▶ **Exercise objective**
Pictures do not belong in the copy; retype the records below exactly.

▶ **Data section**
[Start of section]

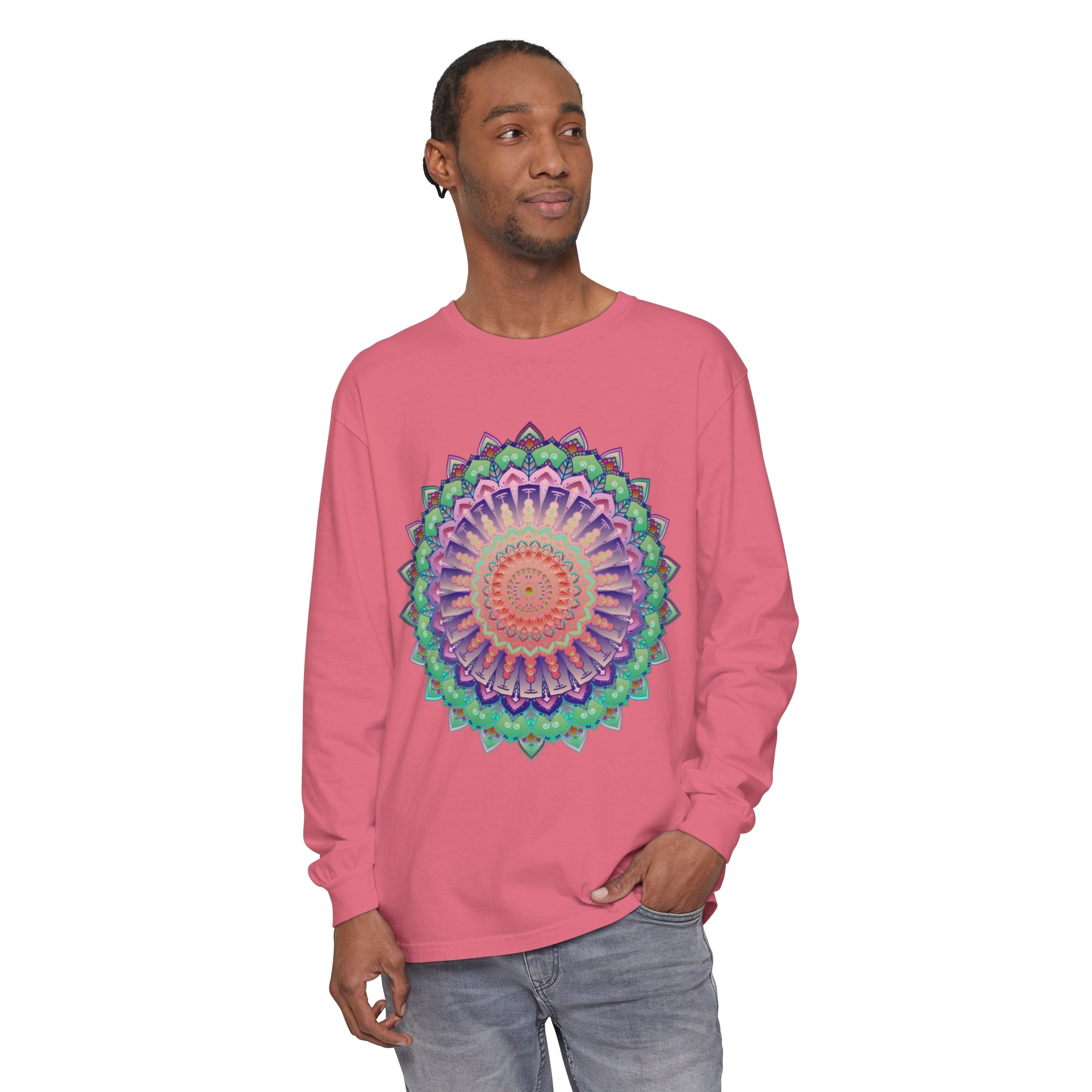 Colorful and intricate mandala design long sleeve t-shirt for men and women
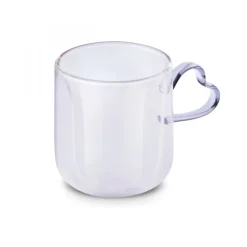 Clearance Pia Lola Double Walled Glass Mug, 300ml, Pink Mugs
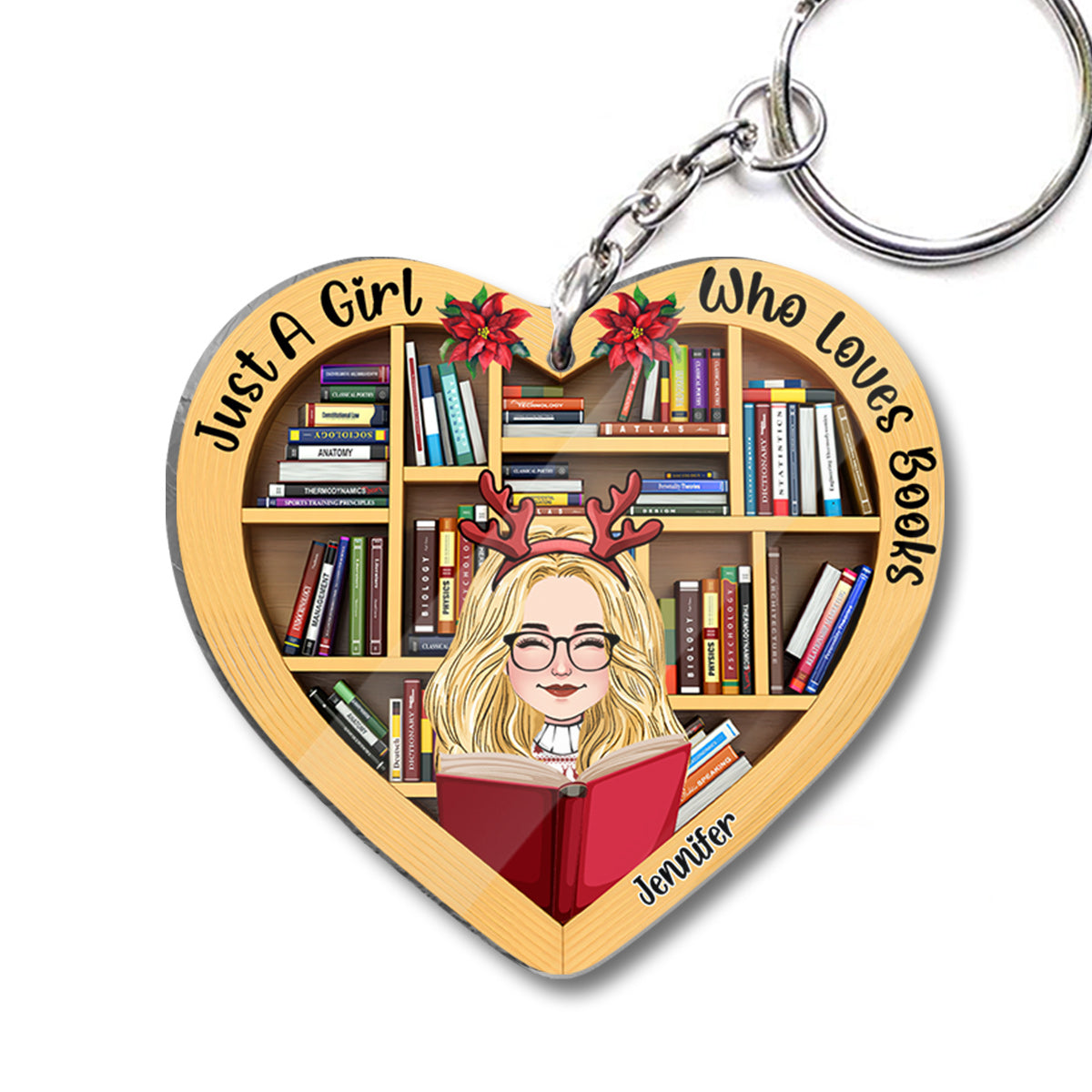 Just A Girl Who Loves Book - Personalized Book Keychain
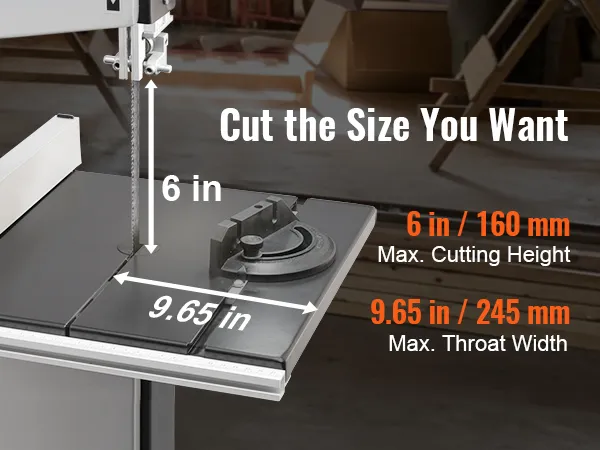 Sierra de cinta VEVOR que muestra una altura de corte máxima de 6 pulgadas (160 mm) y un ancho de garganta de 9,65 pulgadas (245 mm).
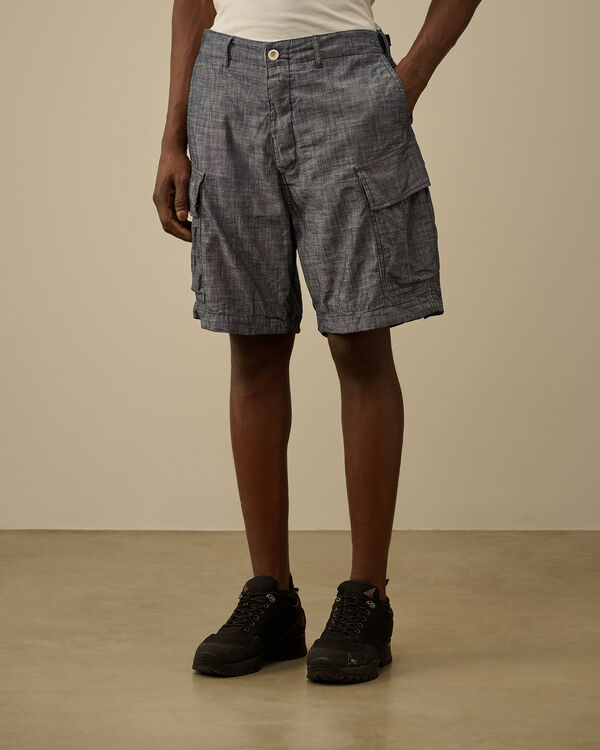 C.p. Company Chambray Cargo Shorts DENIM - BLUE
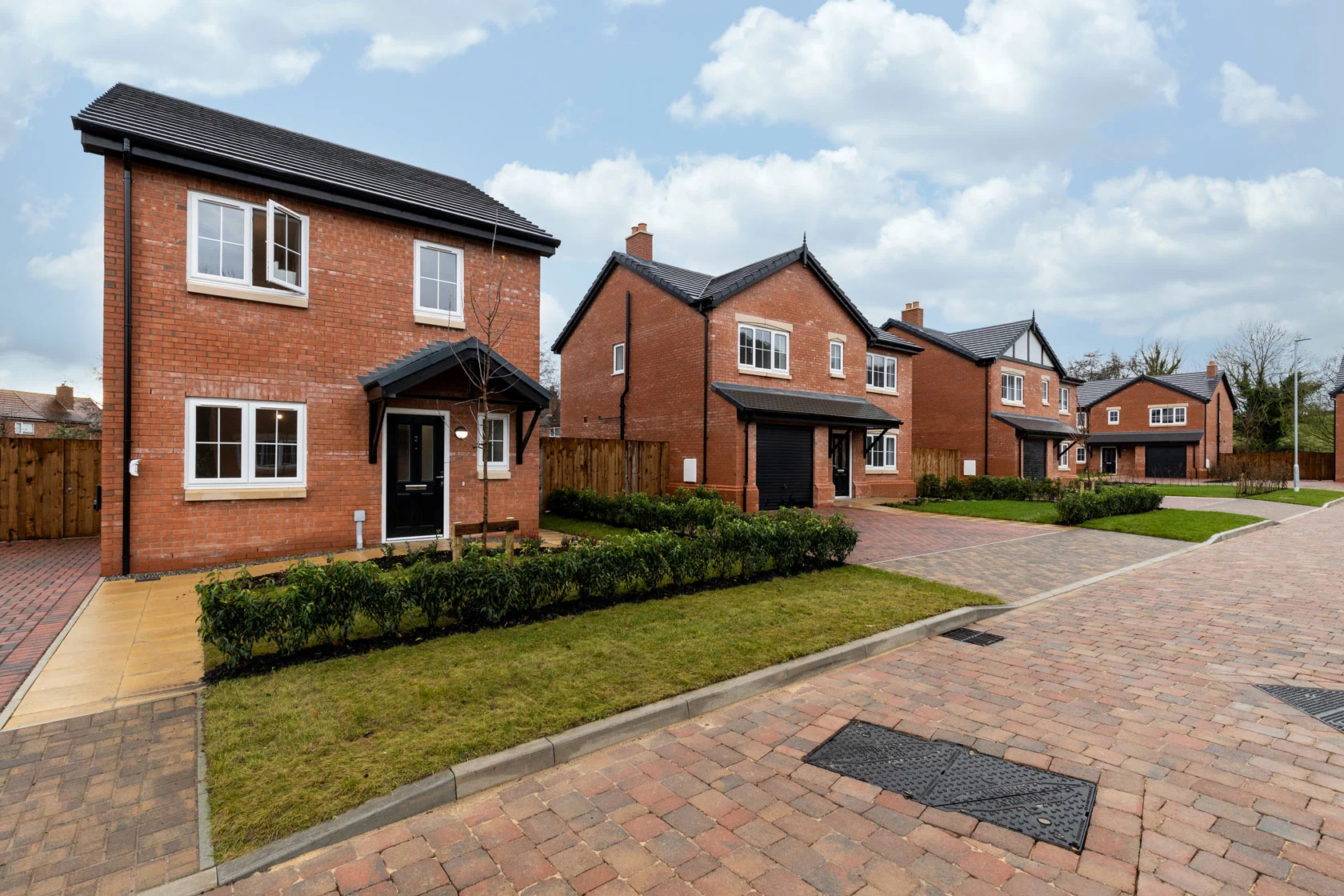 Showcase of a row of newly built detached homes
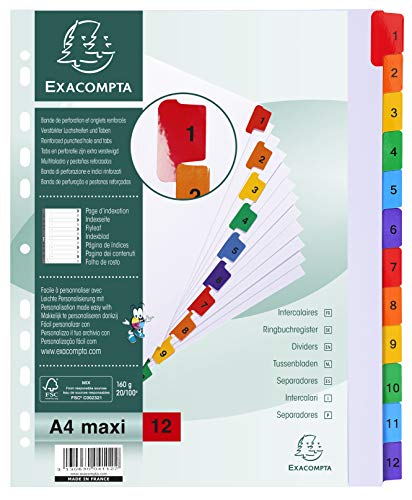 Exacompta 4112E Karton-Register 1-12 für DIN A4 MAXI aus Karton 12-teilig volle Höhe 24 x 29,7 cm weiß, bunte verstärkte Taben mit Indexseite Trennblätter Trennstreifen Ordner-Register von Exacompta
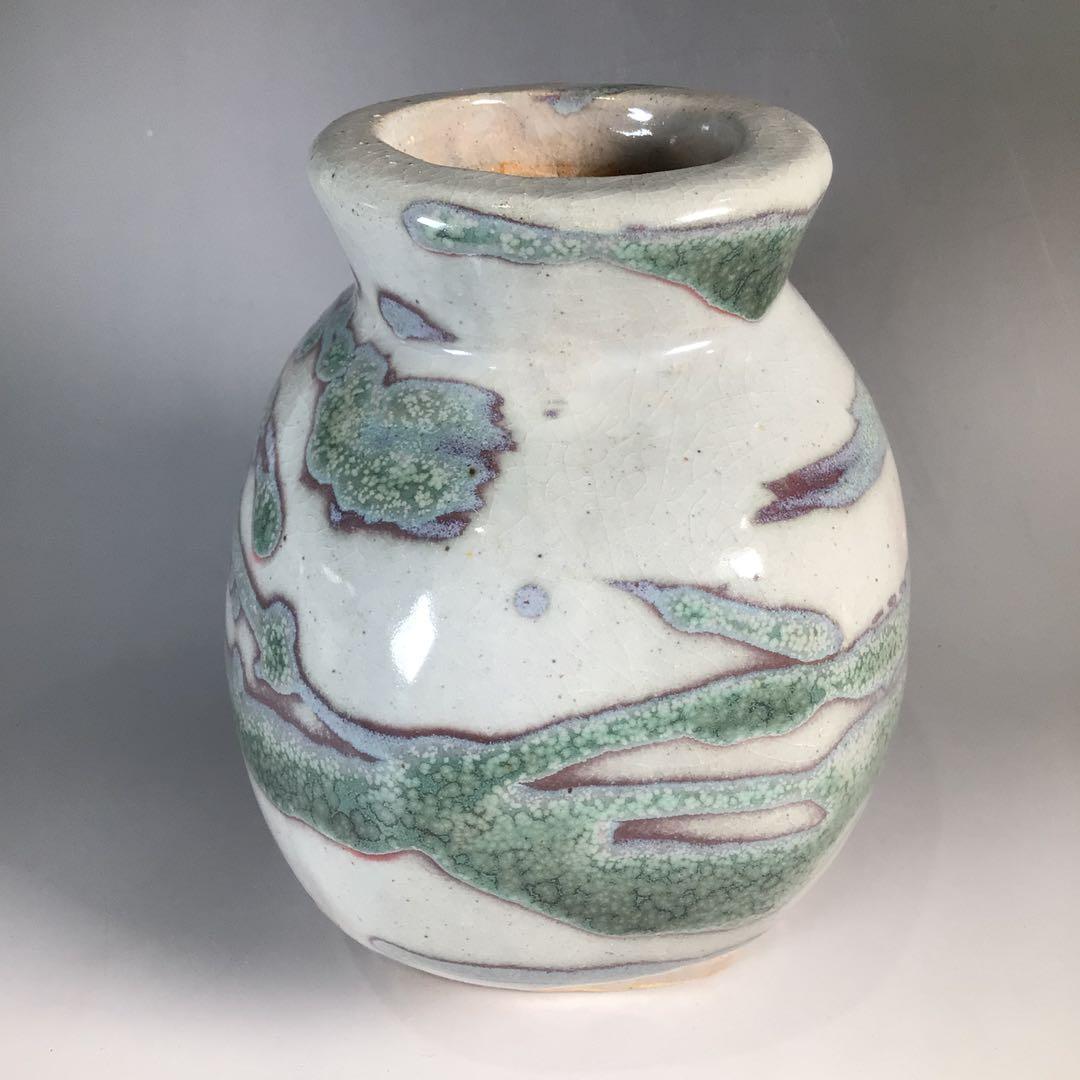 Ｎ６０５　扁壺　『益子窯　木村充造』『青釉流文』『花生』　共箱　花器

[End of section]

▶ **Exercise solution**
 Colorful and intricate mandala design long sleeve t-shirt for men and women
 Clearance Pia Lola Double Walled Glass Mug, 300ml, Pink Mugs
 Just A Girl Who Loves Book - Personalized Book Keychain
 Sierra de cinta VEVOR que muestra una altura de corte máxima de 6 pulgadas (160 mm) y un ancho de garganta de 9,65 pulgadas (245 mm).
 C.p. Company Chambray Cargo Shorts DENIM - BLUE
 Showcase of a row of newly built detached homes
 Exacompta 4112E Karton-Register 1-12 für DIN A4 MAXI aus Karton 12-teilig volle Höhe 24 x 29,7 cm weiß, bunte verstärkte Taben mit Indexseite Trennblätter Trennstreifen Ordner-Register von Exacompta
 Ｎ６０５　扁壺　『益子窯　木村充造』『青釉流文』『花生』　共箱　花器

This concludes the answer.